### Data records
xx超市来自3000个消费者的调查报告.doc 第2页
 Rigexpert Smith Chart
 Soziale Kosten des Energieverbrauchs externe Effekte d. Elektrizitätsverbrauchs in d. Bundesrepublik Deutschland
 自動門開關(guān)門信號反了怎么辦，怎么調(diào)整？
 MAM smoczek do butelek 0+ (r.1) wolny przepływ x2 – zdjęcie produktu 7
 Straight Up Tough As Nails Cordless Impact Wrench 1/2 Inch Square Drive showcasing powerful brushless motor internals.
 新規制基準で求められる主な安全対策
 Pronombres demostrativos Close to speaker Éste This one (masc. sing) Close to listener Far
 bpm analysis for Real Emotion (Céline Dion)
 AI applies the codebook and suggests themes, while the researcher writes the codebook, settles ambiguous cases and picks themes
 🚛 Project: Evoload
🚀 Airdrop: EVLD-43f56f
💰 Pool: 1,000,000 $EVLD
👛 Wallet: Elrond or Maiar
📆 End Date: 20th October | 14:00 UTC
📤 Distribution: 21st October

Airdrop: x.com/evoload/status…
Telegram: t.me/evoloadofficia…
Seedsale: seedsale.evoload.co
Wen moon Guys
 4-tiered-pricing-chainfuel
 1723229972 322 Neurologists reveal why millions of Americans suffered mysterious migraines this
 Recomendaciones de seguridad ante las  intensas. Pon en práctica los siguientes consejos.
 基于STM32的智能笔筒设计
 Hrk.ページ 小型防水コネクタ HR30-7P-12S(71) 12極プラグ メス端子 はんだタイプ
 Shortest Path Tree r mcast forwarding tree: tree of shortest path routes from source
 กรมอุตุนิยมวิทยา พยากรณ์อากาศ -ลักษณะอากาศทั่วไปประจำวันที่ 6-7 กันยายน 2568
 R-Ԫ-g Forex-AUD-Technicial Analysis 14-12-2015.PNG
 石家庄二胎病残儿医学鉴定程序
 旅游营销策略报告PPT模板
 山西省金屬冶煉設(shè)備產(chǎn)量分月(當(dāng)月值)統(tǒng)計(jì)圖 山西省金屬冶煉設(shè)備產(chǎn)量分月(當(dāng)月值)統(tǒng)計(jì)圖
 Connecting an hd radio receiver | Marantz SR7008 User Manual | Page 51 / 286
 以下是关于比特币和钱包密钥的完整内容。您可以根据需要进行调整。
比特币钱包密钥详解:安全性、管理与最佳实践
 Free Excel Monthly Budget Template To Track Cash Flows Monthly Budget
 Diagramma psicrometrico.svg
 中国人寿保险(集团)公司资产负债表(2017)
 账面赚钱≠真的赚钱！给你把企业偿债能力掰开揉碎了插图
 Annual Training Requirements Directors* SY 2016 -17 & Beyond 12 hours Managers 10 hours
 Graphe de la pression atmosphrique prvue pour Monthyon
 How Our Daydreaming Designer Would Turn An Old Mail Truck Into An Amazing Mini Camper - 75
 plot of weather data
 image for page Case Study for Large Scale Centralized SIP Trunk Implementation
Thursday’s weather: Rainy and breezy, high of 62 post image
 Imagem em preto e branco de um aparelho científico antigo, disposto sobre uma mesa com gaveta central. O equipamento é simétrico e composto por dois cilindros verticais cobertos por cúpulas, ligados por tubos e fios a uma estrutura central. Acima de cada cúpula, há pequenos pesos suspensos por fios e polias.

### What is needed
Give the count of lines in the data above holding the word "October", and nothing beyond it.

### Output of the task
2